This also explains World's move into payments and its expansion into messaging. World is collaborating with Shane Mac's team to integrate the decentralized messaging protocol XMTP directly into the application. Compared to centralized alternatives like Signal, WhatsApp, or Telegram, this approach offers significant privacy advantages. It turns out that if you want to be the invisible identity layer of the internet, you might first need to demonstrate your capabilities by building a better messaging product.
Before the event started, Shane Mac showed me his latest experiment—Convos. This app, also based on XMTP, shows that crypto's interoperability isn't limited to financial services but can extend to the communication tools people use daily. Convos uses cryptographic techniques to provide an experience that requires no registration, phone number, history, or tracking. And, of course, it also completely avoids relying on centralized servers.
The selling point here is that this could be the first truly "traceless" messaging app. In a world where every Slack message and email is permanently stored, conversations that truly disappear are becoming the ultimate luxury. I imagine the earliest users might be investigative journalists, but the broader vision is to reset private conversation as the default mode of human interaction, not a suspicious exception.

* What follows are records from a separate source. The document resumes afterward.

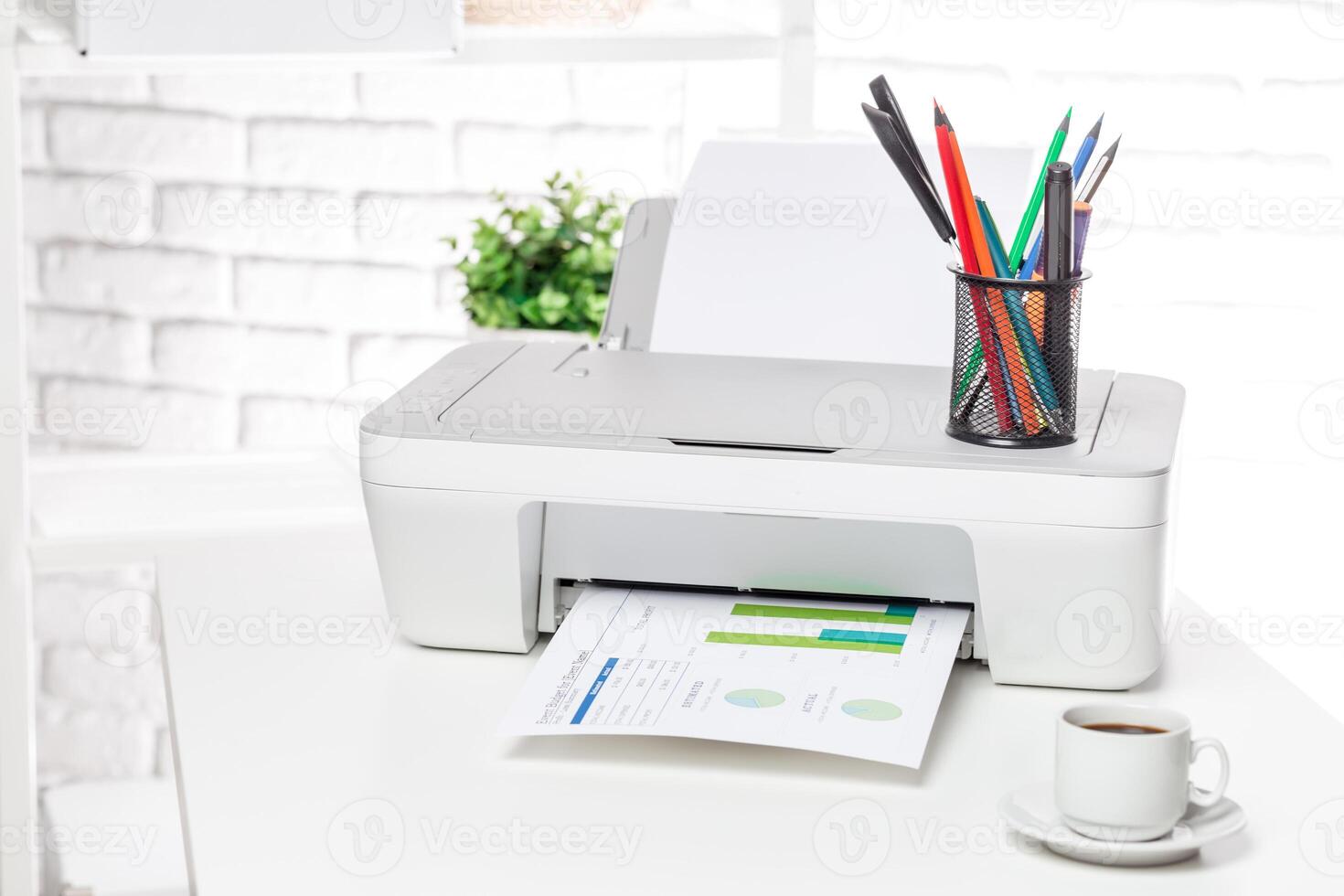 Printer on a desk prints documents while colorful pens stand in a holder near a cup of coffee in a bright workspace photo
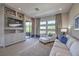 Living room with built-ins, modern sofa and chairs, and access to outdoor balcony at 10 Sugarberry Ln, Las Vegas, NV 89135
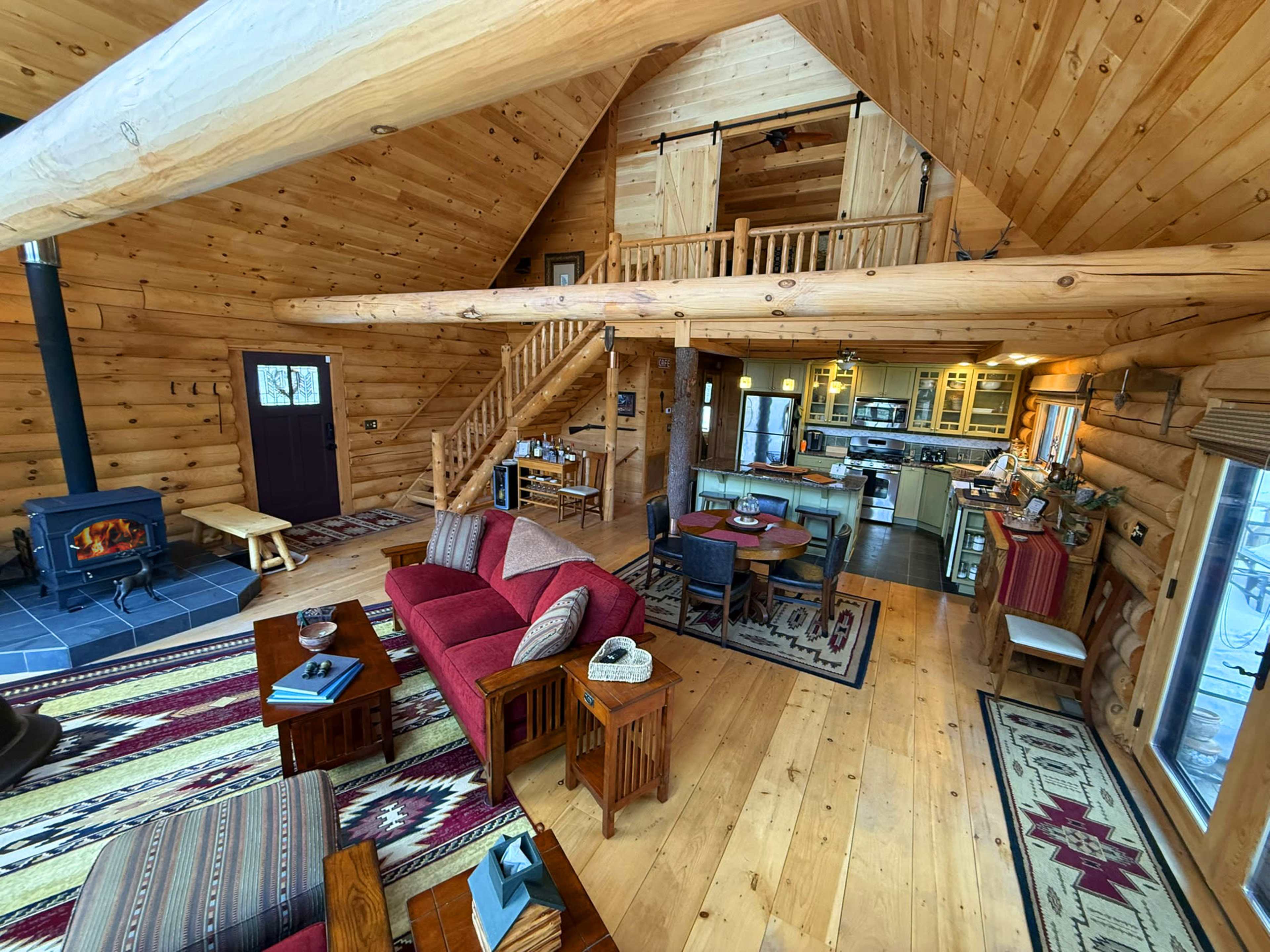 The image shows the interior of a log cabin with wooden walls, a staircase, a fireplace, and a kitchen area in an open layout.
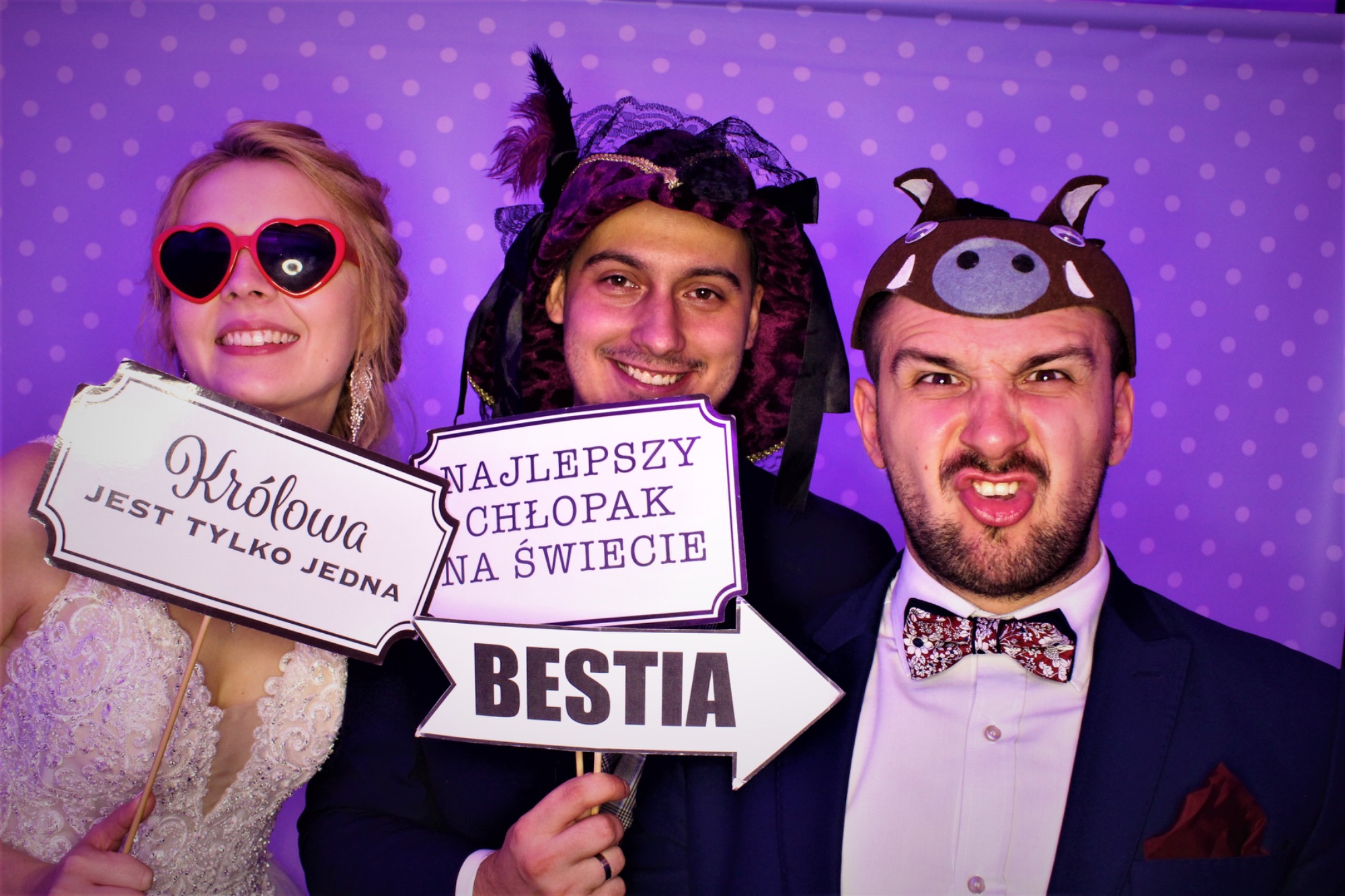 Trzy osoby pozują w fotobudce w Chrzęsnem, trzymając rekwizyty z napisami: 'Królowa jest tylko jedna', 'Najlepszy chłopak na świecie' i strzałka z napisem 'Bestia'. Kobieta w sukni i okularach...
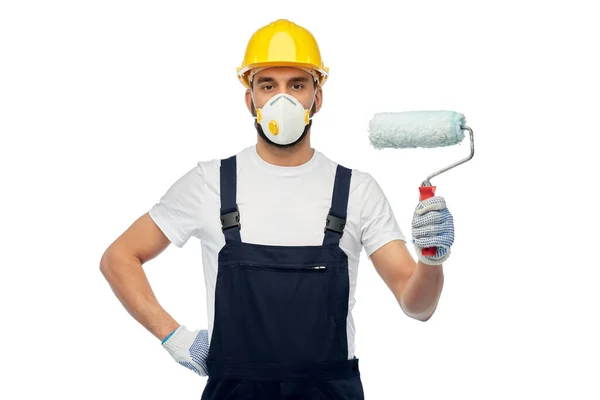 Arbetare eller byggare i respirator med färg roller — Stockfoto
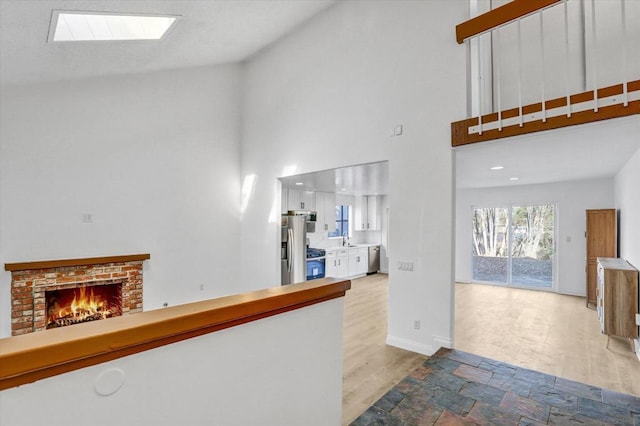 corridor featuring sink, a towering ceiling, a skylight, and light wood-type flooring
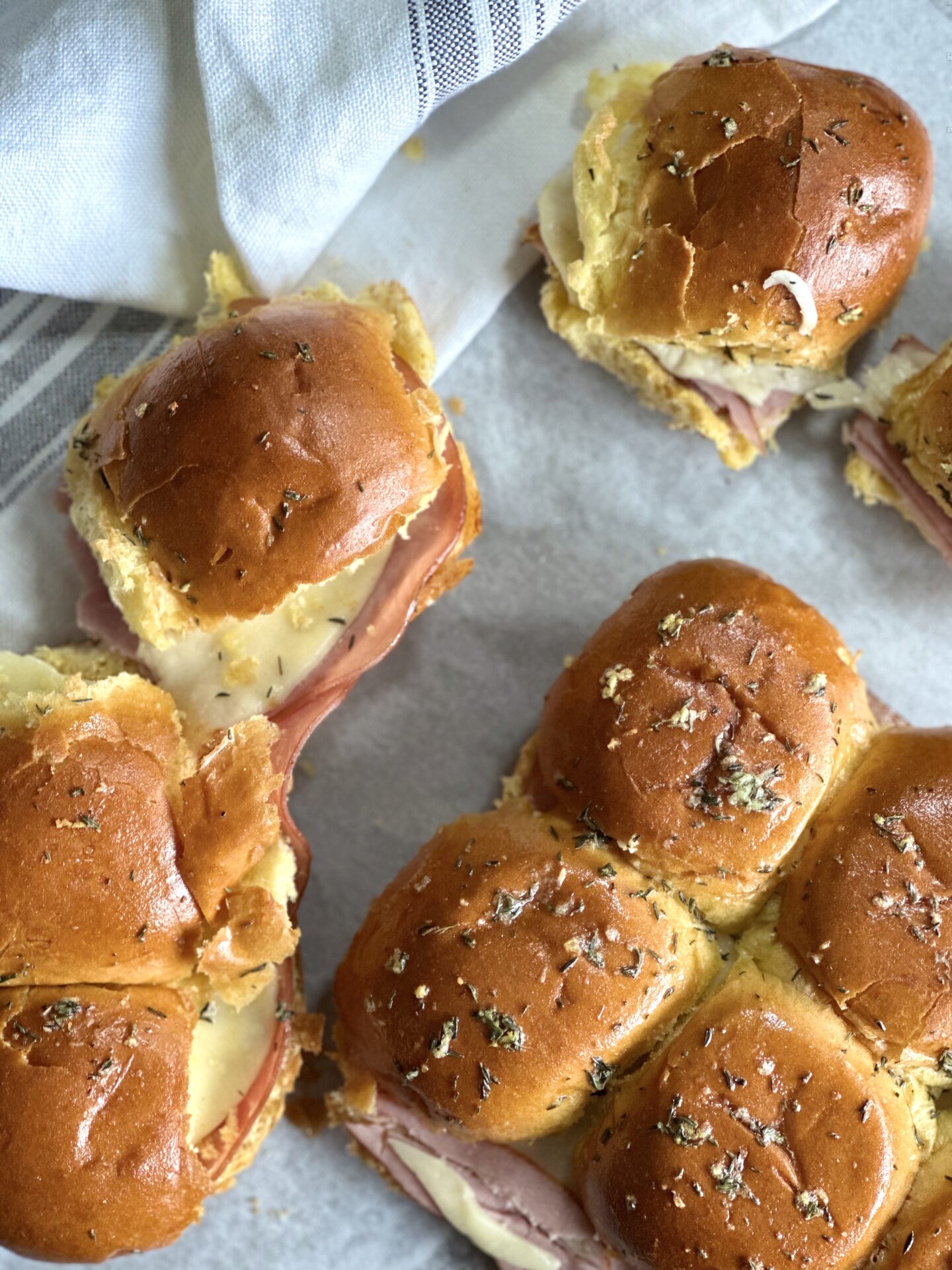 Hot and melty ham and cheese sliders topped with garlic butter, seen from above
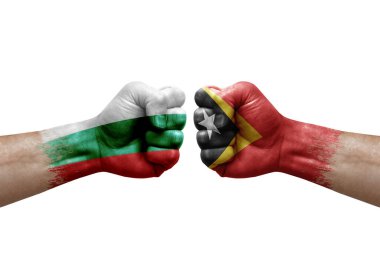 Two hands punch to each others on white background. Country flags painted fists, conflict crisis concept between bulgaria and timor leste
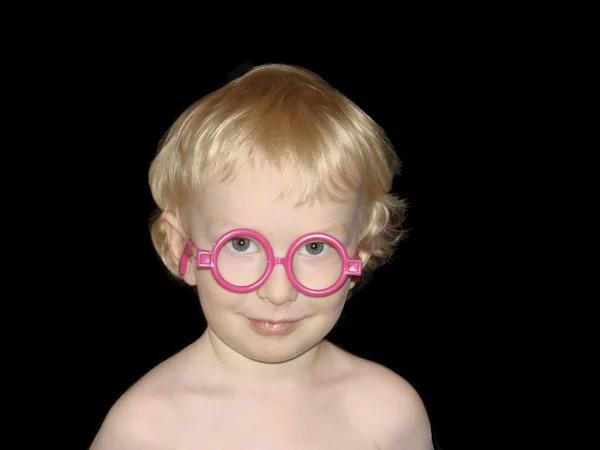 Adorable smiling boy wearind toy glasses — Stock Photo, Image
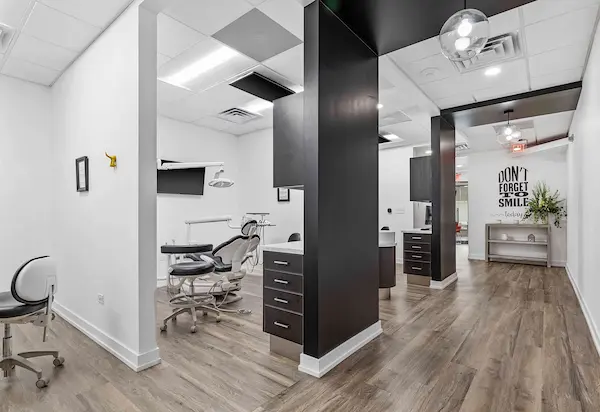 A modern architecture of a beautiful office displaying state of the art Operatory with a ceiling and wall mounted TVs.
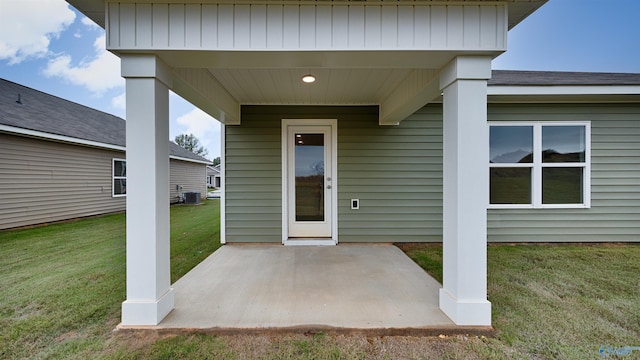 doorway to property with a yard, a patio area, and central air condition unit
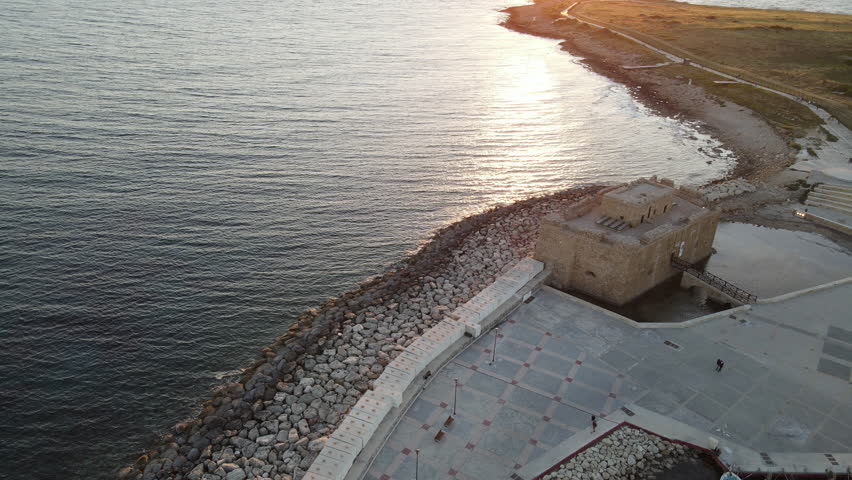 Aerial Panoramic view of Pafos Castle against the setting sun, Cyprus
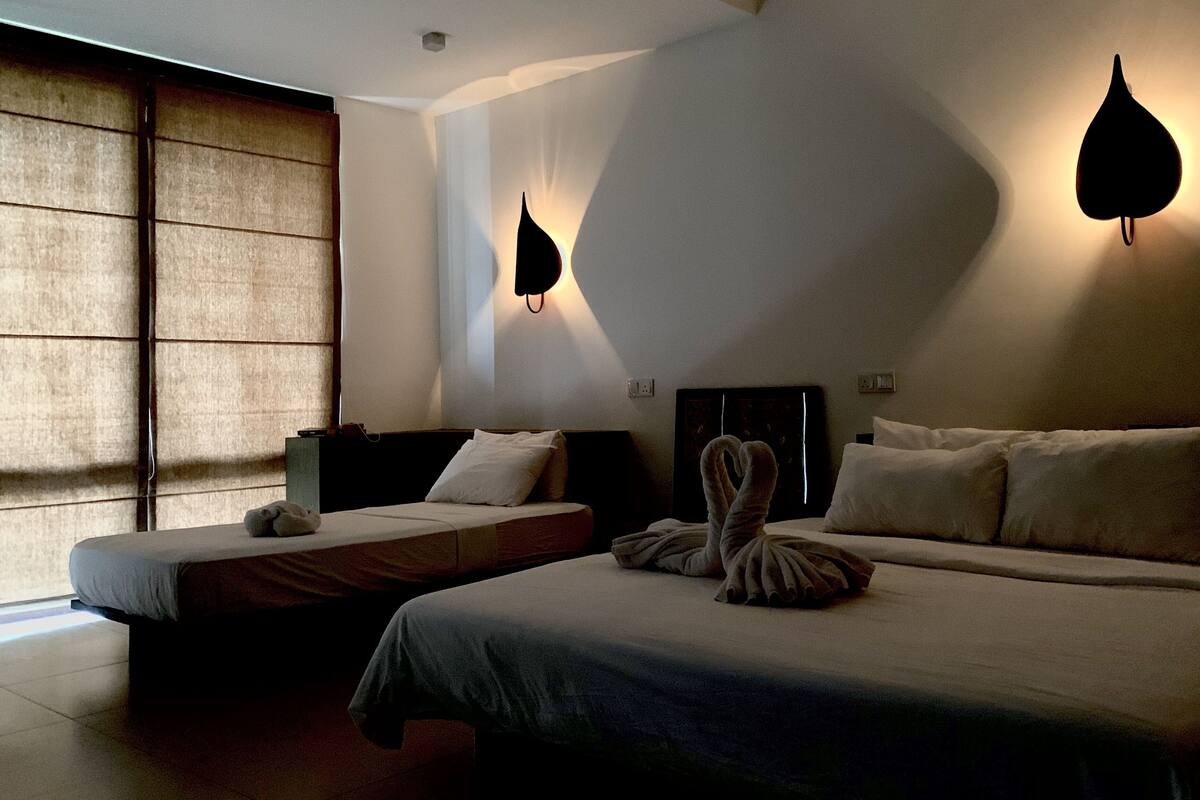 A modern hotel room with a large bed, a smaller bed, and a seating area. There are wall-mounted lights and a large window with blinds.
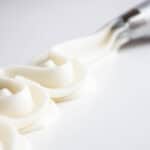 A line of cream cheese buttercream piped with a piping tip.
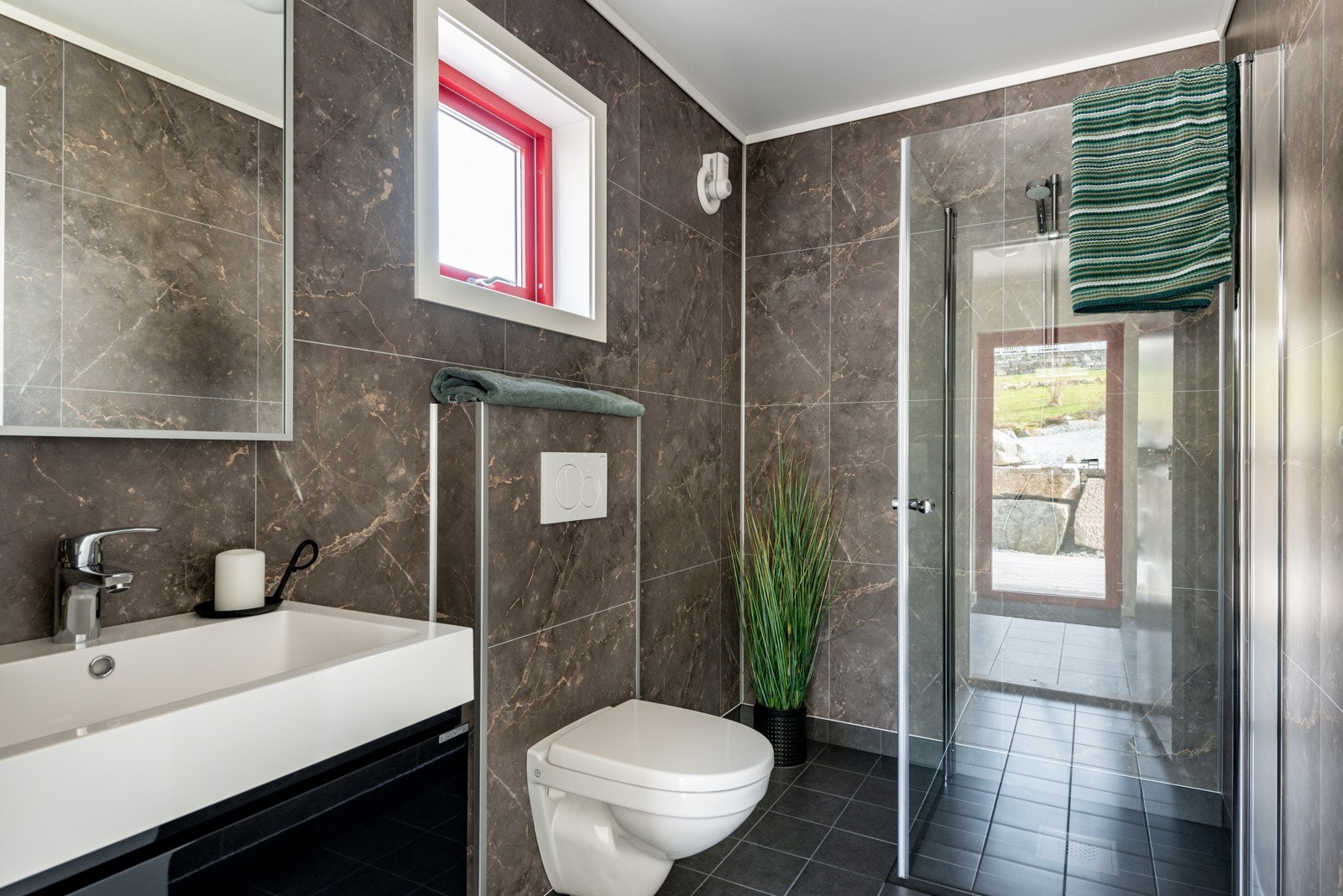 Badet i 1.etasje. Det er inngang til badet frå entréen. Lekkert bad med toalett, servant og dusj. Bilete frå Strandhus 2 Galleribilde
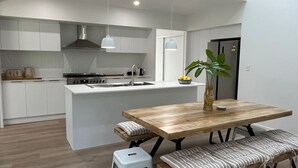 A modern kitchen with white cabinetry, a central island, a stainless steel stove, and a refrigerator.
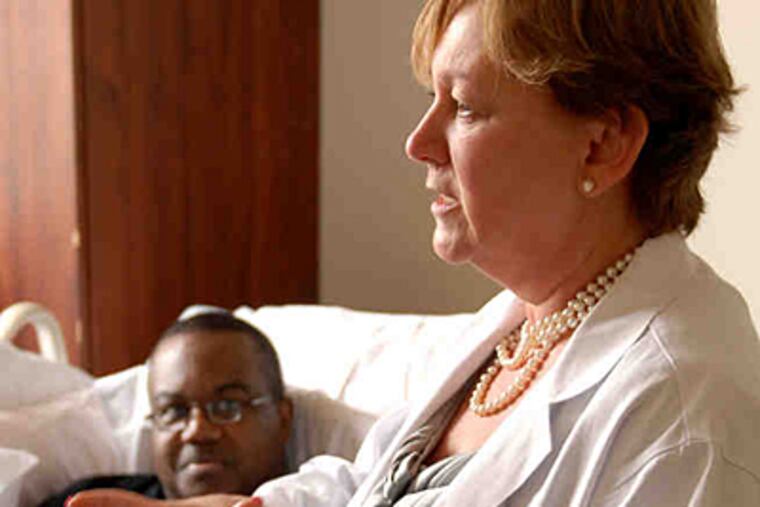 Patricia Ford, a doctor at Pennsylvania Hospital, visits patient Jock Davis, whose religion bans use of blood transfusions. (Tom Gralish/Staff)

Overall, although these experiments are still in their early stages, the trajectory is clear. Crypto infrastructure is finally starting to catch up to its initial declarations. Everything the crypto enthusiasts envisioned a decade ago is slowly becoming "boring" enough to be practical, and this is happening at a critical moment. As AI accelerates, the ability to use cryptography to verify truth is no longer just a philosophical hobby for cypherpunks, but an indispensable infrastructure for the entire digital economy.